I like a good graveyard. A moody saunter among the headstones is often an ideal antidote to the spending, consumption and telly festival known as Christmas, for example. It kind of puts everything in perspective. Too much perspective, possibly. A favourite is Crookes cemetery on Boxing Day – spectacularly bleak if the weather's right. And there's usually nobody there... I wonder why.
The General Cemetery off Ecclesall Road is another corker, with many Victorian memorial monuments along its winding paths, still quite a few overgrown and neglected and tumbled tombstones, which only add to the atmosphere – even on sunny days it's pretty spooky.
The busking musicians who play around the city: I love them all – even the not-so-hot ones. I've never busked and have nothing but admiration for them as can do it.

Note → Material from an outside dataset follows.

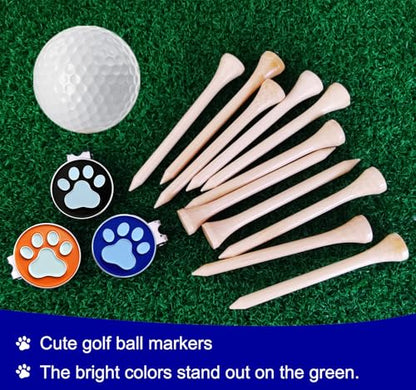 Adhere Golf Ball Markers Personlized Double Side Cute cat Logo Enamel with A Magnetic Hat Clips,A Premium Golf Gifts. - color: E-Blue+Orange+Black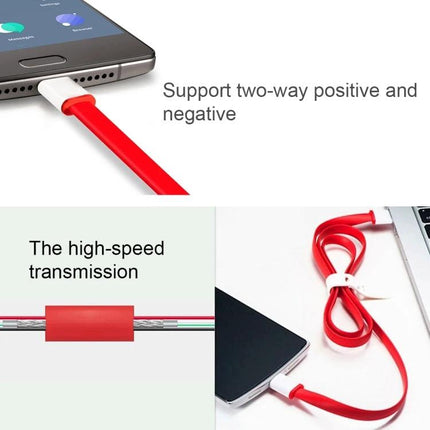 OnePlus USB-C Charging Cable for Everyday Phone Use - red flat cable showing reversible connector, high-speed transmission, and phone charging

There was the elderly black gentleman, usually on Fargate, who always seemed to be singing The Wild Side Of Life when I went past. It seemed like I only ever heard him do this one song, it was always brilliant but slightly different each time – depending on his mood I suppose. His dog would frequently be sporting a tea-towel worn as a cape on colder days. Others are the Django Rheinhardt-esque guitar player who can give Barkers Pool the ambience of a Parisian boulevard – which is quite a feat – and the wild-haired skinny young man with the fabulous powerful voice who makes Rod Stewart sound like Aled Jones. I usually put at least a quid in the hat.
As a muso and punter I've experienced just about every venue in and around town, apart from the Arena – from the likes of Dial House WMC (as was) in the club band days, to the City Hall, as a one-off temporary member of the Human League, and as a somewhat harassed artist manager later on.
I didn't get to see Jimi Hendrix the last time he played there – November 27, 1967, my mother wouldn't let me go – but I did get to see Free, The Groundhogs, King Crimson, Led Zeppelin, Gong and many, many others a few years later. And I did see Patto with the remarkable Ollie Halsall several times at the Black Swan (now the Boardwalk).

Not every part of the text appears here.